START DATA SHOWN

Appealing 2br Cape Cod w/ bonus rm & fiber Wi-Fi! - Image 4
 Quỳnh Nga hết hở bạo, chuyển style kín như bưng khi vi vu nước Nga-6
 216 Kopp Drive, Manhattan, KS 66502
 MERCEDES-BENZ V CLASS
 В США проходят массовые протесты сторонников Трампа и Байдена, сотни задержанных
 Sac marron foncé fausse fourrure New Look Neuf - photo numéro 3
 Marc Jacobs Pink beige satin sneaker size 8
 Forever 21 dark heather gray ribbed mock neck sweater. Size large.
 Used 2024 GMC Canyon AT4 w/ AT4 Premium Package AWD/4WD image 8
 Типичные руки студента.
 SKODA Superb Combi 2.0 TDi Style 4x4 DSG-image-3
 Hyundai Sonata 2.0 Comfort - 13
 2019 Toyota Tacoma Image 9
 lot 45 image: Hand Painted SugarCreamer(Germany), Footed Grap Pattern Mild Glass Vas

END DATA SHOWN

» TASK DIRECTIONS
Without leaving anything out, output all of the material exactly.

» ANSWER FOR THE TASK
Appealing 2br Cape Cod w/ bonus rm & fiber Wi-Fi! - Image 4
 Quỳnh Nga hết hở bạo, chuyển style kín như bưng khi vi vu nước Nga-6
 216 Kopp Drive, Manhattan, KS 66502
 MERCEDES-BENZ V CLASS
 В США проходят массовые протесты сторонников Трампа и Байдена, сотни задержанных
 Sac marron foncé fausse fourrure New Look Neuf - photo numéro 3
 Marc Jacobs Pink beige satin sneaker size 8
 Forever 21 dark heather gray ribbed mock neck sweater. Size large.
 Used 2024 GMC Canyon AT4 w/ AT4 Premium Package AWD/4WD image 8
 Типичные руки студента.
 SKODA Superb Combi 2.0 TDi Style 4x4 DSG-image-3
 Hyundai Sonata 2.0 Comfort - 13
 2019 Toyota Tacoma Image 9
 lot 45 image: Hand Painted SugarCreamer(Germany), Footed Grap Pattern Mild Glass Vas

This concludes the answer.